# Work item
Return, exactly as written, every line from the first line of the data below through the line that contains "Pendientes de plata, oro, perla".

# Records to use
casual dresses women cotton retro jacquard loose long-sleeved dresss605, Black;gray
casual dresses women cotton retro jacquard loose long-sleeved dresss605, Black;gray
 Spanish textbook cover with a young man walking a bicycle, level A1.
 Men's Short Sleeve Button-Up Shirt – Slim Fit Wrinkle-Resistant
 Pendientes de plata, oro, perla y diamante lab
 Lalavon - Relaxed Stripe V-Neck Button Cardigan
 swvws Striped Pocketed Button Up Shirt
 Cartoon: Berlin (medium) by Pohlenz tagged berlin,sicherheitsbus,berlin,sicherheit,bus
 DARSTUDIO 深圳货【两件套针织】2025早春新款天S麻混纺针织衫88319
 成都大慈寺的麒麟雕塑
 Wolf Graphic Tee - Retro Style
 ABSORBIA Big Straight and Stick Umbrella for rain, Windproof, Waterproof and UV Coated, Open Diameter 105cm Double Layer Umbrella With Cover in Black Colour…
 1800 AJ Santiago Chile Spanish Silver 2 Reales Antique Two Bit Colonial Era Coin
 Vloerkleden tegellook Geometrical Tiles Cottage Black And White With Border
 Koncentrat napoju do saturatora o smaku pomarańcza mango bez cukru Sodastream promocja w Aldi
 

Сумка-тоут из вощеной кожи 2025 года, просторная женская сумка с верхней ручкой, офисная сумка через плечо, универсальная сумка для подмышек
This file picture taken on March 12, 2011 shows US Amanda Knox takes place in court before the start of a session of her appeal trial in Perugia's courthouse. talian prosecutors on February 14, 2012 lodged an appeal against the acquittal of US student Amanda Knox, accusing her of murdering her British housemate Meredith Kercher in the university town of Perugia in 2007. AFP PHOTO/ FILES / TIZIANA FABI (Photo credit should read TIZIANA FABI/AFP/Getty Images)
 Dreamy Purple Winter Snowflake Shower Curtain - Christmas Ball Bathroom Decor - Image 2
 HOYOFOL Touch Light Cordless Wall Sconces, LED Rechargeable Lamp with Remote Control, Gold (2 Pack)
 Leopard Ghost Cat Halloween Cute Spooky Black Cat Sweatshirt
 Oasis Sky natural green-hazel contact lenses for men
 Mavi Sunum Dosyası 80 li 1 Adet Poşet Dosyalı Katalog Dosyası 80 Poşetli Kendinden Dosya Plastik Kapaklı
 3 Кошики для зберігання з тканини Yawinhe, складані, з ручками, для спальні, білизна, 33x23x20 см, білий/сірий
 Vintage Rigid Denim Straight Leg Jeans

# Finished task
casual dresses women cotton retro jacquard loose long-sleeved dresss605, Black;gray
casual dresses women cotton retro jacquard loose long-sleeved dresss605, Black;gray
 Spanish textbook cover with a young man walking a bicycle, level A1.
 Men's Short Sleeve Button-Up Shirt – Slim Fit Wrinkle-Resistant
 Pendientes de plata, oro, perla y diamante lab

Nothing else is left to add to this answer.